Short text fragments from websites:
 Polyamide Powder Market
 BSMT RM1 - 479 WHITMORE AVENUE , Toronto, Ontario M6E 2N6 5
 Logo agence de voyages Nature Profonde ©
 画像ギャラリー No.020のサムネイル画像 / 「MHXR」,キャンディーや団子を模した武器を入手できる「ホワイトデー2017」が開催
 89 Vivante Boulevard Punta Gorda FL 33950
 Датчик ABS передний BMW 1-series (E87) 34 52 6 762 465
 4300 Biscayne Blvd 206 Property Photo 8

* * *

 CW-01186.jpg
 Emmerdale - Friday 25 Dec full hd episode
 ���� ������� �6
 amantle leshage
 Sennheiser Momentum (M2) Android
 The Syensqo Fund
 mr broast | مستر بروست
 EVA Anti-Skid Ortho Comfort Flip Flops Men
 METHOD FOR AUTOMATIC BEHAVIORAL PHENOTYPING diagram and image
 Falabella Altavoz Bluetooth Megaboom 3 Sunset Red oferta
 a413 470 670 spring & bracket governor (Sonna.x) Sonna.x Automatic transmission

• **WORK TO BE COMPLETED**: Can you repeat, word for word, every line above from the one containing "Polyamide Powder Market" down to the one containing "4300 Biscayne Blvd 206 Property Photo 8", including both?

• **SOLUTION TO THIS EXERCISE**:
 Polyamide Powder Market
 BSMT RM1 - 479 WHITMORE AVENUE , Toronto, Ontario M6E 2N6 5
 Logo agence de voyages Nature Profonde ©
 画像ギャラリー No.020のサムネイル画像 / 「MHXR」,キャンディーや団子を模した武器を入手できる「ホワイトデー2017」が開催
 89 Vivante Boulevard Punta Gorda FL 33950
 Датчик ABS передний BMW 1-series (E87) 34 52 6 762 465
 4300 Biscayne Blvd 206 Property Photo 8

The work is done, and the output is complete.